Granted, my work is not as pretty as his but it will be hidden behind a raised planter bed so it won’t be a big deal.

While working on this, the supplies arrived and we, yet again, have a backyard that is packed with stuff.

The color of the pavers is called “Comstock” which we thought was an appropriate name considering that Dayton is in the Comstock historic district. The color itself is reminiscent of the colors in the tailing piles that scatter the hills from Dayton to Virginia City.

They’re a little bold in how they look but I think it will look great once they are laid down.

Now, the most important bit, at least according to the cats, is the magic flower pot from the old house.

It contains the kitty’s personal supply of high grade catnip which is destined to become a centerpiece in the Pony Express yard, as soon as the dust settles.

Hitting The Dirt

In our last episode, I removed all the rocks from the Pony Express courtyard; however, the story could not possibly end there. Katie managed to get a great floor model deal on a new hot tub to go in the courtyard which pushed the courtyard paving to the top of the project list. We decided on paving stones as the best option but they require a 5″ deep bed of gravel and sand thus the digging began.

It seemed like this would be an easy enough task and it was for the first couple of wheelbarrow loads but then this happened.

The dirt just went on and on until our arms threatened to mutiny but we discovered how to tell when we could stop digging. We found a hard packed ash layer in the dirt that may have been from the fire of 1866 or even later. As luck would have it, the ash layer just happened to be level and at just the right depth for our gravel bed making it a perfect depth gauge. All the soil above it was new with very few artifacts to be found other than some new stuff. Surprisingly, there was a Nerf football buried in the corner of the yard which gives you a good idea of how old that soil deposit was.

Another challenge we faced was all of the tree roots of the black locusts we had removed at the beginning of the project.

They will have to be ground out but the good news is that the roots are dead so they won’t be pushing up the paving stones in years to come.

Another issue that cropped up was the condition of the post office wall in the courtyard. The hot tub will back up to it so it has to be repaired before the tub goes in. As you can see from the first photo, it was really shaggy but with a little finesse and a bit of tin, it should look pretty good.
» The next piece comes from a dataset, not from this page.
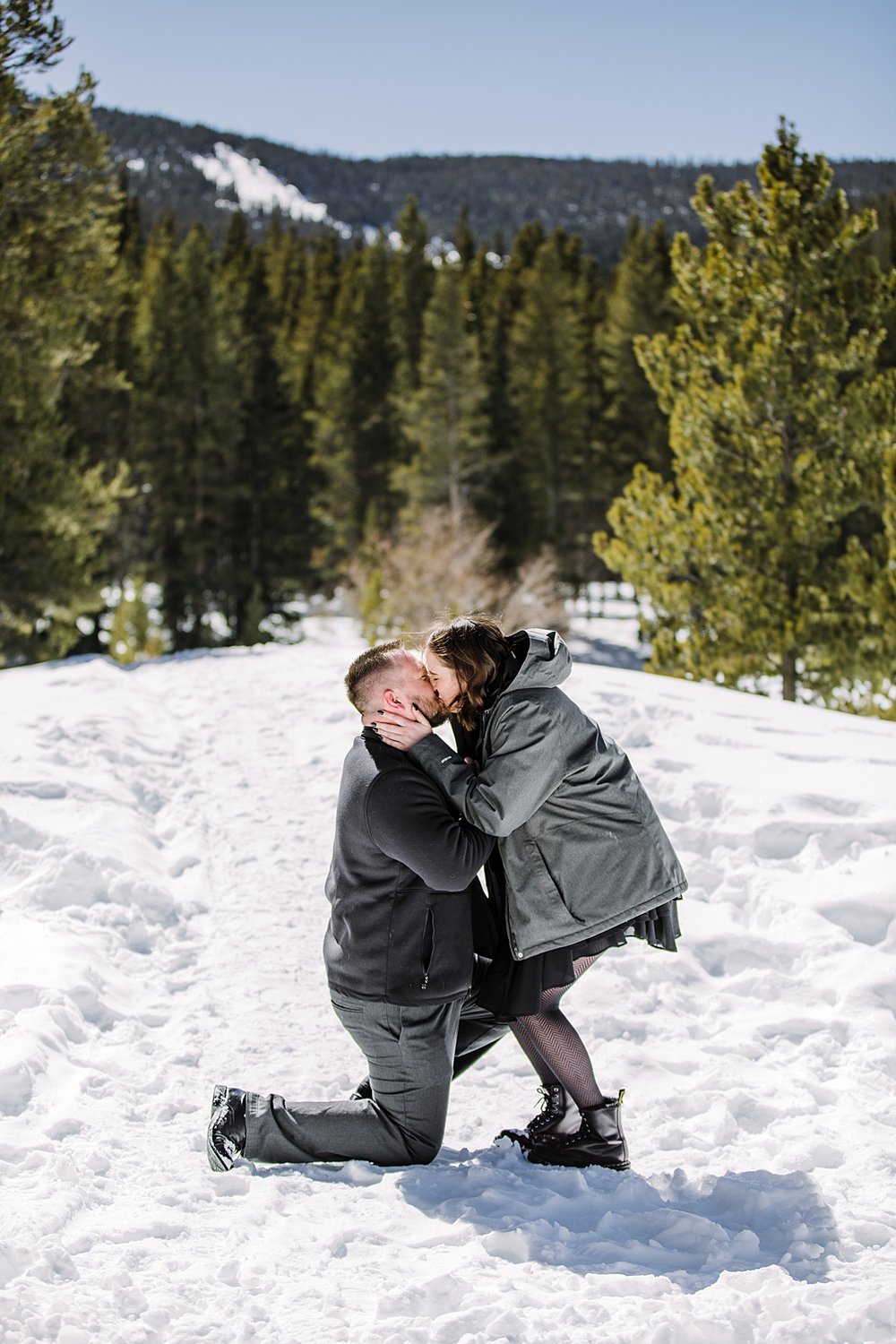 girl says yes to man's proposal, couple kissing in the snow, colorado mountain proposal, colorado winter proposal, colorado mountain engagements, colorado winter engagements, black proposal nails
This also gave us the opportunity to demolish a few attached apartment complexes.

Now, I have to figure out what to do with that old window in the post office wall. The sashes are rotted and many of the glass panes are actually plexiglass replacements. Perhaps it’s time to build my own window from scratch.

Rock Star

The weather had been a little less squishy the last two weeks and I took it upon myself to clear out the Pony Express yard. This entailed removing scrap lumber, salvaged brick and a couple of large piles of rocks. Of course, I was not looking forward to this but it had to be done.

The hitch was that there was no way to get a Bobcat into the yard to move that stuff the easy way so all the rock had to be moved by hand.

The small bits worked with the wheel barrow but the larger ones I carried out by hand so that they could be sorted into piles based on size and shape. How I wished I was still in my twenties.

Then, as if on cue, our neighborhood mason showed up wondering if we were ever going to repair that window in the Pony Express wall.

The window was looking pretty grim after 160 years and the repairs that had been done in the past were even less attractive. To remove the mess, I suspected that a sledge hammer would be required but on further prodding, the entire mess just fell out, missing my toes by inches.

With the dirty work done, the mason stepped in with a keen eye and a skilled trowel to bring the window back to its original grandeur.

On a job like this, most of the mason’s time is spent looking for just the right stone and then chipping away at it for the perfect fit. My previous work at sorting the larger ones saved time and put my favorites front and center for the mason to choose from. The large pink block at the bottom was an old foundation stone from the kitchen structure that used to be behind the hotel. It’s long gone now except for the stones that came up when the gas company trenched for the new line.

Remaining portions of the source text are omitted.